FOR CHOCOLATE CHERRY COOKIES
Prior to wrapping in plastic, mix 1-2 tablespoons chopped dried cherries into chocolate dough, then freeze after forming into logs. Once frozen, slice in ¼ inch rounds, about 15 grams each. Place on Silpat or parchment lined cookie sheet one inch apart and bake at 350 degrees for 10-15 minutes until set and lightly golden. Finely chopped almonds would also be good added with the cherries.
FOR CHOCOLATE CHIP COOKIES
Take chocolate chip cookie dough, form into log, wrap in plastic and freeze. Once frozen, slice into ¼ inch rounds, about 15 grams each. Place on Silpat or parchment lined cookie sheet one inch apart and bake at 350 degrees or 10-15 minutes until set and lightly golden.

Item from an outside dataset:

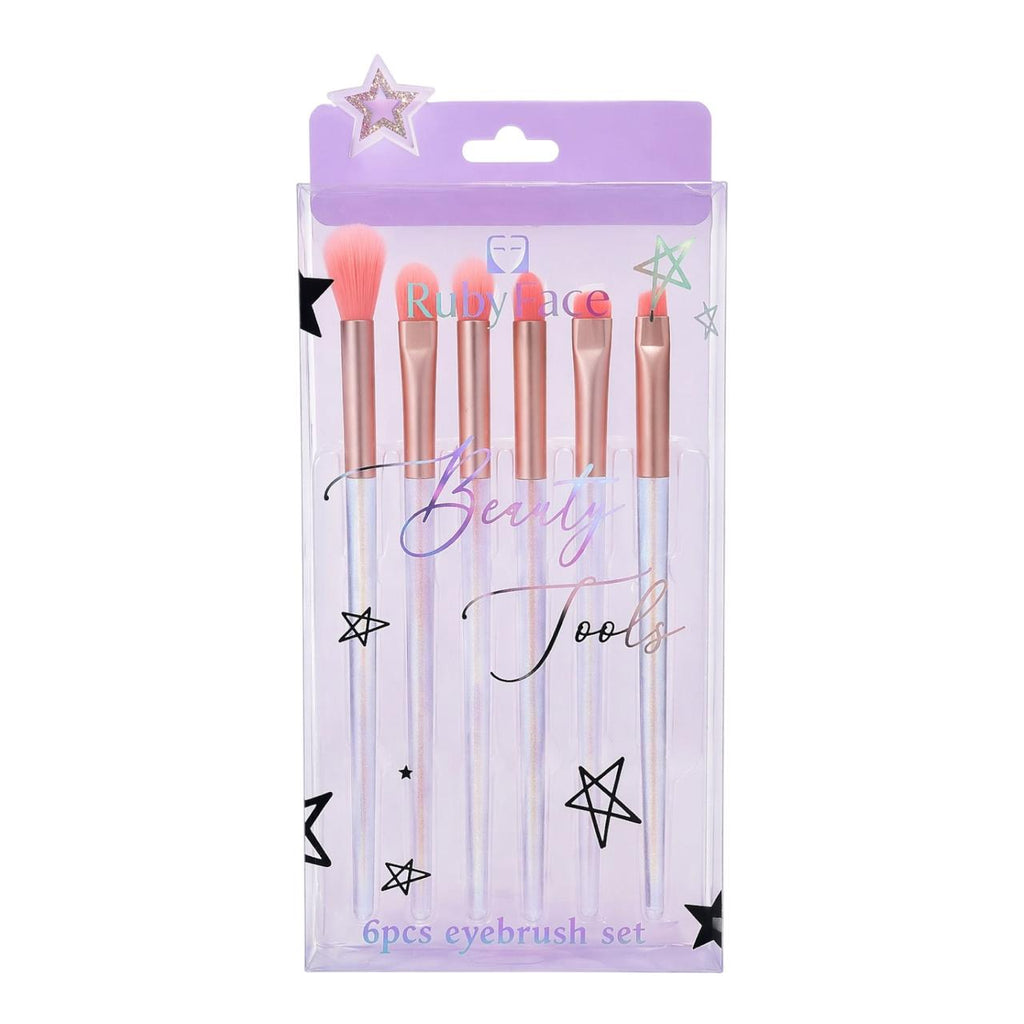 SET X6 BROCHAS PARA OJOS TORNASOL BEAUTY TOOLS RUBY FACE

FOR MOLASSES GINGER COOKIES
Unwrap log of molasses ginger dough and slice into ¼ inch rounds, about 15 grams each. With lightly floured hands, roll each slice into a ball, place into a small bowl filled with granulated sugar, coating each ball with sugar. Then place on Silpat or parchment lined cookie sheet one inch apart. Chill for at least 30 minutes, then bake at 350 degrees for 10-15 minutes until set and lightly golden.
FOR SNICKERDOODLE COOKIES
Unwrap log of vanilla dough and slice into ¼ inch rounds, about 15 grams each. With lightly floured hands, roll each slice into a ball, place into a small bowl filled with cinnamon and sugar, coating each ball with cinnamon and sugar. Then place on Silpat or parchment lined cookie sheet one inch apart. Chill for at least 30 minutes, then bake at 350 degrees for 10-15 minutes until set and lightly golden.
FOR LINZER COOKIES
Prior to adding flour to vanilla dough, add 1 teaspoon almond extract to base mixture, then add flour, form into log, wrap in plastic and freeze. Once frozen, unwrap log, slice into ¼ inch rounds about 15 grams each. With a small round cutter, remove the center of half of the sliced cookies, then place on Silpat or parchment lined cookie sheet one inch apart. Chill for at least 30 minutes, then bake at 350 degrees for 10-15 minutes until set and lightly golden. Once cooled, dust the center cutout cookies with powdered sugar. Spread 1 teaspoon of jam onto the bottom of the non-cut-out cookies, then top each jammy cookie with one of the powdered sugared cookies.
EGG WHITE ROYAL ICING
1 ¼ – 1 ½ cups powdered sugar
1 egg white
1 teaspoon lemon juice or ¼ teaspoon vanilla or almond extract
Food colors as desired
Sift the powdered sugar into a bowl. Place egg white in a medium bowl along with lemon juice or desired extract. Add a couple of tablespoons of powdered sugar to the egg white and lemon juice or extract mixture. With a clean spatula, start working the icing sugar into the egg white. Once the powdered sugar and egg white are fully incorporated add another couple of tablespoons of icing sugar and continue mixing them together. Gradually add more sugar once the previous addition is fully incorporated. This will get thicker, whiter and stiffer and will be done once it reaches stiff peak consistency. If you wish to make a colored icing you can add food coloring to the whole amount, or divide icing into bowls and color each bowl individually with a few drops of food coloring or beet juice, carrot juice, spinach juice, etc. Transfer the royal icing to a piping bag or small ziploc bag for piping. Keep icing covered with plastic wrap directly touching the icing to avoid it drying out and forming a crust. For a thinner consistency to cover cookies, thin icing with more lemon juice or water.